The possibilities that agriculture offered, the own necessities of the organization of available resources impelled them to group themselves in conglomerates. Thus the city arose like an isolated population centre in very vast and depopulated territories.
The medieval city
During the Middle Age, the cities were constituted around feudal castles. But as the urban centres grew thanks to the economic development, their inhabitants were associated to defend their rights and to obtain political privileges. In those traditional cities the houses were built one next to another one, with very narrow streets and one square where the commerce was concentrated. The squares were filling by independent craftsmen who gave origin to a new social class denominated bourgeoisie. The fact that the cities were constituted in commerce centres also made its economic and cultural growth possible.
The technical advances, the increasing necessity of manual labour in the industry, the progress of the medicine and the creation of the public transport determined that in the last three hundred years, and in special as of XIX century, a vertiginous development of the urban conglomerates began. In 1800, 50 million people lived in them; in 1994, 1,500 million.
The problems of the great city
The growth carries enormous disadvantages.
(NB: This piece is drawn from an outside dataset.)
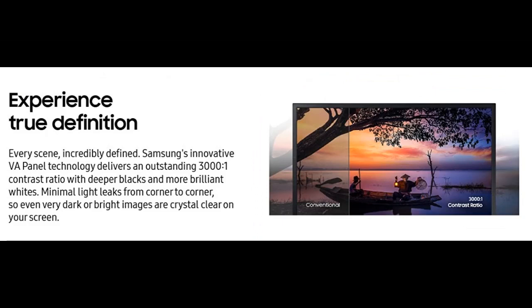Whether you're standing up, sitting down, or peering over someone's shoulder, documents and graphics look consistently accurate.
The quality of the life in the cities has been deteriorated seriously.
The overpopulation, the deficient elimination of rubbish and the pollution – industrialist and by the circulation of vehicles- turns the great cities into the main centres of contamination of the planet.
The growth and the concentration of population world-wide are every time greater.
Every year ninety million births take place; in a second three children are born: two of them will live in conditions of poverty.
Another threat is the sprouting of the displaced ones by ecological problems: 100 million people have been forced to emigrate years in the last, to live in areas exposed to adverse climatic conditions and that almost do not provide resources for the subsistence.
Contamination and marginalization
The cities consume enormous amounts of energy and resources, and daily generate tons of industrial and domestic remainders.
The common procedures for the elimination of such have been the spill in rivers and seas, the burial to fill up low lands and the incineration. In almost all the underdeveloped countries the remainders are eliminated in that form. Nevertheless, they are highly polluting practises.
A special problem is the one that presents the nonbiodegradable ones. It is called thus to certain materials that cannot be decomposed quickly by the action of the alive organisms, like the bacterias. Certain detergents are nonbiodegradable, the plastics and the organoclorados pesticidal. In the cities, the plastics are those that cause greater disadvantages because are used in amount in packages in and packing. These materials last for a long time in the atmosphere, is very difficult to recycle them and, on the other hand, if it incinerates them generate dioxins, compound of great toxicity. This problem could be solved by the use of new autodegradables plastics and the increase of the percentage of recycled.
The trafic also generates contamination by the injurious gas discharge of the automotive, and auditory pollution by the intense noise.
In many cities, the economic valuation of lands has increased remarkably. Although the green spaces are considered like a necessary condition of balance in the modern city, many of most populated cities have lost the green belt that before surrounded them, to give space to districts of houses, factories, deposits, airports and supermarkets.
In many countries, the migration to the cities is consequence of the difficult conditions of life in the rural areas. Thus marginal districts with sanitary and welfare infrastructure deficiencies arise.
Esteem that in the that in the cities of Latin America and Asia, from the 50 to 75% of the population one is in those conditions.